Guide des maisons closes du XIXe siècle

undefined 20 octobre 2015 undefined 00h00

La Rédac'

Je vous parle d'une époque où Le Bonbon n'existait évidemment pas mais où des guides touristiques savamment documentés recensaient les meilleures maisons closes parisiennes. J'ai nommé parmi-eux "Le guide rose des étrangers dans Paris" écrit en 1869 par un certain L. Desrousseaux, étonnamment bien renseigné. Merci au blog Il était Paris

 

Tout d'abord une rapide mise en contexte s'impose. Le XIXe siècle est l'âge d'or de la prostitution à Paris, une période qui lui a valu le charmant surnom de "bordel de l'Europe" où l'on dénombrera jusqu'à 200 maisons closes officielles. Elles ont été légalisées par Napoléon Ier en 1804, leur tolérance étant toutefois tributaire d'une certaine discrétion : il ne fallait pas que l'on puisse voir ce qu'il se passait à l'intérieur, d'où le nom de "maison close". Volets fermés, une plaque de numéro de rue plus grande que les autres, rideaux occultants, lanterne rouge et barreaux aux fenêtres. Ces signes sont autant d'indices qui vous permettent encore aujourd'hui de déceler d'anciennes maisons closes, qui ont toutes fermé en 1946. Vous êtes désormais prêts pour un petit florilège des "meilleurs" lieux de débauche de l'époque, toujours selon ce Monsieur Desrousseaux.

 

La plus huppée : Le Chabanais.

Elle était située au 12, rue Chabanais, dans le 2arrondissement, et il n'en reste aujourd'hui que deux ascenseurs qui servaient à éviter d'embarrassantes rencontres. Fondé par une Irlandaise en 1878, cet endroit était jusqu'à sa vente aux enchères en 1951 le lieu de prédilection de tous les ministres et ambassadeurs de l'époque. Ses chambres étaient plus extravagantes (voire glauques) les unes que les autres : japonaise, Louis XV, hindoue, Directoire, Napoléon III et médiévale ou encore mauresque. Parmi elles, il y en avait même une réservée au prince de Galles ; parmi le mobilier de celle-ci, un "siège de volupté" lui permettait de profiter des services de la maison sans pour autant remettre son rang en cause, car il s'asseyait dessus.

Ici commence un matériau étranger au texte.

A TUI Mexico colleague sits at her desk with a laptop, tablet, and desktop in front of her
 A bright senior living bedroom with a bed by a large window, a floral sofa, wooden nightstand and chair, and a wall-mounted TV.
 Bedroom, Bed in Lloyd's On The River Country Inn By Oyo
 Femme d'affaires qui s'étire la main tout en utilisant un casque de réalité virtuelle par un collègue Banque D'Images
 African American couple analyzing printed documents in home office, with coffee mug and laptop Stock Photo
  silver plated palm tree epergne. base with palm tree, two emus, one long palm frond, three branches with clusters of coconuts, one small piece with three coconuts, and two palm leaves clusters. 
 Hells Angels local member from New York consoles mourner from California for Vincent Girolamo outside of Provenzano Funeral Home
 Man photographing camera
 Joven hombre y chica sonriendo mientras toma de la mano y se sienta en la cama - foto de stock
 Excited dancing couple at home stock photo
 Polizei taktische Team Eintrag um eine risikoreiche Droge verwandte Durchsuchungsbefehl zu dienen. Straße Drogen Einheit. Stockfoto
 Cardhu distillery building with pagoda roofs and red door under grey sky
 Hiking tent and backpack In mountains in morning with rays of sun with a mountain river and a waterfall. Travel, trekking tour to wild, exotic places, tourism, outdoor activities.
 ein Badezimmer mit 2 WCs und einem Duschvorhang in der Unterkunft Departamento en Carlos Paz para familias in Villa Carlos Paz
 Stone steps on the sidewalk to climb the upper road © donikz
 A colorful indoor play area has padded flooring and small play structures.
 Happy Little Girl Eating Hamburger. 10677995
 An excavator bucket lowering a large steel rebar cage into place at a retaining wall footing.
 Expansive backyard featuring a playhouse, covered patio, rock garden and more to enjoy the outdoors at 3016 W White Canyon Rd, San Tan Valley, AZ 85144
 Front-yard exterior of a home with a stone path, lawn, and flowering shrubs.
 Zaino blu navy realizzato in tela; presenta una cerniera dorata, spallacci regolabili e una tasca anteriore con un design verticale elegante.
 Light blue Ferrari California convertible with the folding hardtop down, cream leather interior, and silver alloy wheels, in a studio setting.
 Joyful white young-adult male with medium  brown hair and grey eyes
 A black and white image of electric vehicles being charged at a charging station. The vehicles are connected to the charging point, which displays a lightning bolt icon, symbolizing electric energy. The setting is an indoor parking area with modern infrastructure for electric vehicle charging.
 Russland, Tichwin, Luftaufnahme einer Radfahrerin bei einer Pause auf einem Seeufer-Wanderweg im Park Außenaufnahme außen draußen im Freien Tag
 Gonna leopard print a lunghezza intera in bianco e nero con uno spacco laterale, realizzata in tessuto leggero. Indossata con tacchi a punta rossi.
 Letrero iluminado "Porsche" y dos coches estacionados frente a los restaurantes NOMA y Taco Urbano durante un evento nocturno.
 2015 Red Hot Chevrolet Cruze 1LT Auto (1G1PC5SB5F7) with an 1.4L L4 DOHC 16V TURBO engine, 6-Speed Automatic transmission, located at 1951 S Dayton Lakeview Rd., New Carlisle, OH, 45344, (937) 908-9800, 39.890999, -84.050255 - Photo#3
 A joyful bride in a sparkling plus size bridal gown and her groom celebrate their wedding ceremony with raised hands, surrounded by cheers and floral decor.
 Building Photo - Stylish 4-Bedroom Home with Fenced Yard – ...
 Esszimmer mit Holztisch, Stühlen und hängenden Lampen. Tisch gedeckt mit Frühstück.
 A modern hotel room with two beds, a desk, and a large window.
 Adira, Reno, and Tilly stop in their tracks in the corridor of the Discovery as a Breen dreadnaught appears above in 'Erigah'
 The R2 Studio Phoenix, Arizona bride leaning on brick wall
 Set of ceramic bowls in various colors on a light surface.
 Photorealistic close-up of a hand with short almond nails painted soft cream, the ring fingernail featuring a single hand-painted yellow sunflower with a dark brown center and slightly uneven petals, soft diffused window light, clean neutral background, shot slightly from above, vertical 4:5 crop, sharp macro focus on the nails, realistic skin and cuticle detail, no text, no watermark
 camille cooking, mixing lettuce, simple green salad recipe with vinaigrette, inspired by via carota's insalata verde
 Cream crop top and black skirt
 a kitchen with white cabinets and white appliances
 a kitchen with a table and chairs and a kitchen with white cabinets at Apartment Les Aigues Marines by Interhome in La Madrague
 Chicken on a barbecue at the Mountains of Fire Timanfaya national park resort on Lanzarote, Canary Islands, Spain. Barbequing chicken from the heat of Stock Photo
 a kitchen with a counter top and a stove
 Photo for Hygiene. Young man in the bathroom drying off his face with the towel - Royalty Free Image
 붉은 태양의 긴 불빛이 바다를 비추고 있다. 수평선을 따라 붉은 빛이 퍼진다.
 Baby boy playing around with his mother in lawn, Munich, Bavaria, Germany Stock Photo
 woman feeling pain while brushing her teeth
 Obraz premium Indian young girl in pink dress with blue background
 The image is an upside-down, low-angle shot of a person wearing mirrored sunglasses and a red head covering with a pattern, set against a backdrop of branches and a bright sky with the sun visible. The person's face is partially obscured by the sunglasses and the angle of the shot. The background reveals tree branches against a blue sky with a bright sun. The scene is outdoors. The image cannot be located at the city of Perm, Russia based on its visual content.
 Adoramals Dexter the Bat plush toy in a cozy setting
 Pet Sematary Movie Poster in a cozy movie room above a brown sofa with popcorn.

La plus extravagante : le One Two Two.

Son nom était tiré de l'adresse : 122, rue de Provence dans le 8e arrondissement, la façade d'époque est encore visible. La maison offrait à ses clients de pratiquer le "voyage autour du monde" qui consistait à exécuter des figures inspirées du Kamasutra dans 22 chambres avec des décors insolites, mais pas forcément avec bon goût. Parmi elles, la chambre de torture du Moyen Âge (avec carcans, chaînes et fouets), le grenier à foin, la chambre igloo, la chambre provençale, la galerie des glaces comme à Versailles (avec des miroirs pivotants) et enfin une qui fait encore plus froid dans le dos : la chambre des supplices avec mise en scène de crucifixion.

 

La plus dépaysante : le Sphynx.

Elle avait élu domicile au 31, boulevard Edgard-Quinet dans le 14e arrondissement de Paris. A travers sont décor néo-égyptien, son ambition était de représenter l'Egypte à Paris, et sa propriétaire Marthe Le Mestre se faisait même appeler "Marmoute". Le tarif unique y était de 30 francs, complété par des pourboires et cadeaux de la part de la clientèle. Pour autant, cette maison close ne plaisantait pas avec l'hygiène et elle était étroitement surveillée par la brigade mondaine au moyen de fiches de police, écoutes et photographies. Cela s'explique par une clientèle très chic et mondaine qui comptait entre autres Jacques Prévert, Colette, Jean-Paul Sartre, Simone de Beauvoir...

Bibliographie :

CHARBONNEAU Nicolas et GUIMIER Laurent, Le Roman des maisons closes, Editions du Rocher.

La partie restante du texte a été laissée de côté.